START Source data
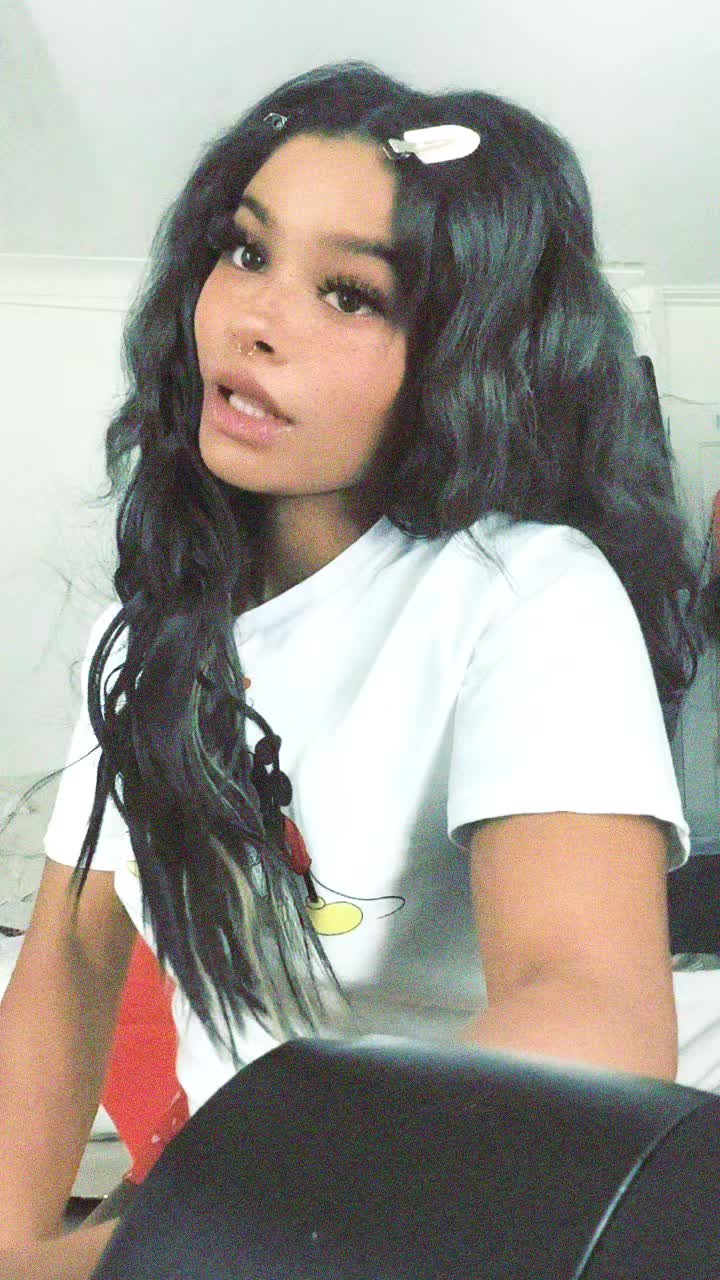 @shygirlarchives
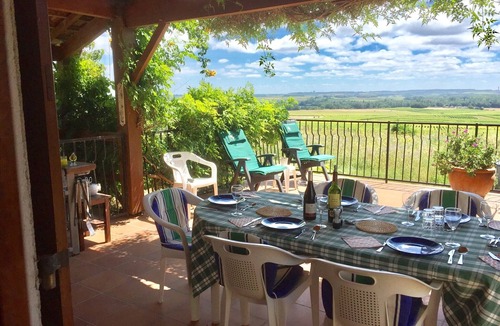 Saint-Fort-sur-Gironde House | Beautiful hill top House with Private Heated Pool, Stunning Views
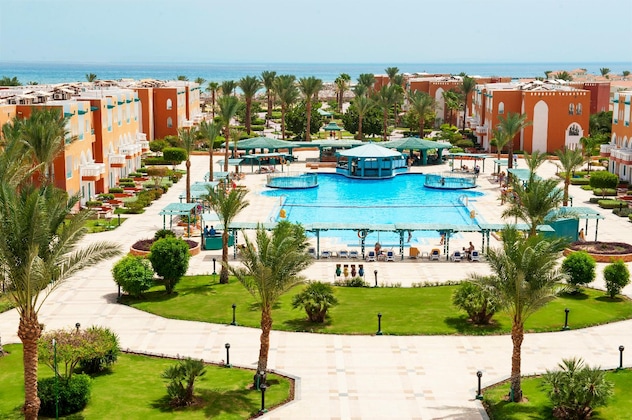 Gallery - Sunrise Garden Beach Resort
END Source data
__Task description__. Pictures aside, print every line of the material exactly.

__Result of this task__.
 @shygirlarchives
 Saint-Fort-sur-Gironde House | Beautiful hill top House with Private Heated Pool, Stunning Views
 Gallery - Sunrise Garden Beach Resort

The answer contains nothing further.